L’abîme de l’oubli, la BD d’un long parcours

couverture de "L'ABIME DE L'OUBLI" de Paco Roca et Rodrigo Terrasa paru chez Delcourt

Série : –
Titre : L’abîme de l’oubli
Auteurs : Paco Roca, Rodrigo Terrasa (scénario), Paco Roca (dessins)
Éditeur : Delcourt
Collection : Mirages
Année : 2025
Pages : 296

Résumé d’une histoire transgénérationnelle :

Des jeunes appelés de l’armée espagnole sont emmenés sur le champ de tir de la brigade d’artillerie de la Paterna, près de Valence. Ils ne savent pas ce qu’ils font là. Un camion arrive, débarquant des prisonniers. Ils vont devoir fusiller ces inconnus, accusés à tort ou à raison d’être des opposants au régime franquiste. S’ils refusent, ils rejoindront le groupe des condamnés à mort. Nous sommes en 1940, la guerre d’Espagne est finie, mais les exécutions continuent…

Le scénario d’un récit qui se passe sur deux époques :

Le récit démarre en 1940, mais il va aussi se dérouler de nos jours. En effet, parmi les fusillés, il y avait José Celda Beneyto. Et c’est une de ses filles, Pepica Celda qui, des décennies plus tard, quand la loi l’autorisera, demandera à ce que les fosses communes soient ouvertes pour retrouver le corps de son père.
Cette BD nous permet de suivre José Celda Beneyto, sa sœur, sa fille et le groupe d’archéologues engagés pour déterrer les squelettes de la fosse, les identifier et les rendre à leur famille, aujourd’hui. Un autre personnage important est le fossoyeur du cimetière où se trouve ces fosses communes, Léoncio Badia. Cette histoire vraie se déroulant sur plusieurs époques, est construite d’une manière vraiment touchante par les deux scénaristes, Paco Roca et Rodrigo Terrasa. Nous sommes avec les différents personnages, et nous comprenons leur douleur et leur peur.
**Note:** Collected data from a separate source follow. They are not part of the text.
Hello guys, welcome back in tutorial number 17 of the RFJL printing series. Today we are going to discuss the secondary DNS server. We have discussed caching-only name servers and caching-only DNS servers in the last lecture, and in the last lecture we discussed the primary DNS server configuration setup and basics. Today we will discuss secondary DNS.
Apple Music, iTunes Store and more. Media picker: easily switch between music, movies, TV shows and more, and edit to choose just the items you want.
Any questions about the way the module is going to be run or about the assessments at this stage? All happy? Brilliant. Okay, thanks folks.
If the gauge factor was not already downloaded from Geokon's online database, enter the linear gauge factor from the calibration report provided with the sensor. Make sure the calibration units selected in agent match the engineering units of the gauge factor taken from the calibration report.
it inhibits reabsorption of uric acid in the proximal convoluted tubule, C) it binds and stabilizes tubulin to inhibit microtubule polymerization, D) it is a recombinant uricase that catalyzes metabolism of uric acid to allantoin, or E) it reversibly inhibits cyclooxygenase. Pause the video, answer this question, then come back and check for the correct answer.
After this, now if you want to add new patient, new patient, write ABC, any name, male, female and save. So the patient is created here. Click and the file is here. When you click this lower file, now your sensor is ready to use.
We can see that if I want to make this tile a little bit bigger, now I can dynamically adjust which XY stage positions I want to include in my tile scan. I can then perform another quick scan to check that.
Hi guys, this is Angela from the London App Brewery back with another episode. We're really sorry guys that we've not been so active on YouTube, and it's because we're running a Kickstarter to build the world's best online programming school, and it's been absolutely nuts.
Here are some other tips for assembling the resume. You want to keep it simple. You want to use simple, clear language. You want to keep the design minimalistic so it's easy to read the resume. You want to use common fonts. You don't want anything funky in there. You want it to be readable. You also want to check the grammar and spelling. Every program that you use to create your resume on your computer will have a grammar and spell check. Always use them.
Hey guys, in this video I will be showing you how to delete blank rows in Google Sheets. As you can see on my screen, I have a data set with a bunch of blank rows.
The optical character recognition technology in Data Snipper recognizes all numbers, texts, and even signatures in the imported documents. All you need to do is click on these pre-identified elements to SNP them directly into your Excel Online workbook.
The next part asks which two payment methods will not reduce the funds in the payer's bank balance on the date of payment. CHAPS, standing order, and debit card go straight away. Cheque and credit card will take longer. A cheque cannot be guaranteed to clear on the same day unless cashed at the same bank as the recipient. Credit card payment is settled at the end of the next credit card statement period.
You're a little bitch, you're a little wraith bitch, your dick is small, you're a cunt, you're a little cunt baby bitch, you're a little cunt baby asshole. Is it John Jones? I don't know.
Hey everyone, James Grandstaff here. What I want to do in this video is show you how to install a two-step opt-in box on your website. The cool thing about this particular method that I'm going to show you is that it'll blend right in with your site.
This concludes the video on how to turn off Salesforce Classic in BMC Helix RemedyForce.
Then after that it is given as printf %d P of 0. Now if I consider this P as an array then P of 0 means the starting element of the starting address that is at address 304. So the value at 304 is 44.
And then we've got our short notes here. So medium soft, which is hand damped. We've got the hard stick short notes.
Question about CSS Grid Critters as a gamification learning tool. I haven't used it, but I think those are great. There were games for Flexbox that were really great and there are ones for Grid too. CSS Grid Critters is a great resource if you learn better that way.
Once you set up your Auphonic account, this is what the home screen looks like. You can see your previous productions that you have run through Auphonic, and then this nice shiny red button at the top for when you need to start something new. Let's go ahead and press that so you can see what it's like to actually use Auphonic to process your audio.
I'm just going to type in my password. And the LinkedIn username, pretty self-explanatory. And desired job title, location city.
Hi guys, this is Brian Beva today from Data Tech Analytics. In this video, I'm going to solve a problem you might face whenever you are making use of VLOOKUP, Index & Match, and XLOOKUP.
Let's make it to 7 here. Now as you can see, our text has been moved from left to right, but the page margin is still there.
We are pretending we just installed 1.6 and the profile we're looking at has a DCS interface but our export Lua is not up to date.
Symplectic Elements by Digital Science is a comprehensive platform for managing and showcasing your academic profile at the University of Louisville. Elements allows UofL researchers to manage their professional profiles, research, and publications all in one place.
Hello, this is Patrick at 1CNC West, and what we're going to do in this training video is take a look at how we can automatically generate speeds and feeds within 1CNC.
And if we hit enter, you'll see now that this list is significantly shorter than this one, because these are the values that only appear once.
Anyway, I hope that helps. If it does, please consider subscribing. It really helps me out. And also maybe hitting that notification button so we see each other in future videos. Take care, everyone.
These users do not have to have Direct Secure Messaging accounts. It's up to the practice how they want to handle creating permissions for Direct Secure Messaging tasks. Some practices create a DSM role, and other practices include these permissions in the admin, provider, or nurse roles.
Nous passons subtilement d’une époque à l’autre, parfois quand le vent chasse la poussière sur une tombe, parfois par un portrait, un lieu, un souvenir. Certains passages du récit sont un peu didactiques notamment sur cette fameuse loi, mais ils sont importants car ils dépeignent l’ambivalence d’une Espagne qui veut se libérer de la poigne et du souvenir de Franco mais qui en même temps, voudrait enterrer le passé.
Le pays et nombre de ses habitants naviguent entre deux eaux, et Pepica Celda va rencontrer bien des obstacles sur sa route.

La BD montre aussi l’importance de la solidarité face à la dictature, avec le combat d’un groupe de femmes dont le but n’était pas de faire évader leur mari, de défendre la république mais juste de pouvoir honorer leurs proches qui allaient être fusillés, pouvoir les enterrer décemment. Car même cela leur a été refusé par le régime franquiste. Certains personnages du récit ne comprennent pas ce combat, ce besoin et n’en voit pas l’utilité. Paco Roca et Rodrigo Terrasa font intervenir l’histoire ancienne, le siège de Troie, avec Achille, Patrocle et Hector pour nous faire saisir à quand remonte ce besoin d’enterrer nos morts et pourquoi il peut être si viscéral.
La présence de l’Antiquité grecque peut surprendre mais grâce au personnage de Léoncio Badia, fossoyeur cultivé, ancien professeur indépendant, il se glisse dans le récit et fait pleinement sens.
Cette nouvelle BD de Paco Roca, également au format paysage, touche en plein cœur sur un sujet sensible, grâce à ses personnages forts et sa composition réfléchie.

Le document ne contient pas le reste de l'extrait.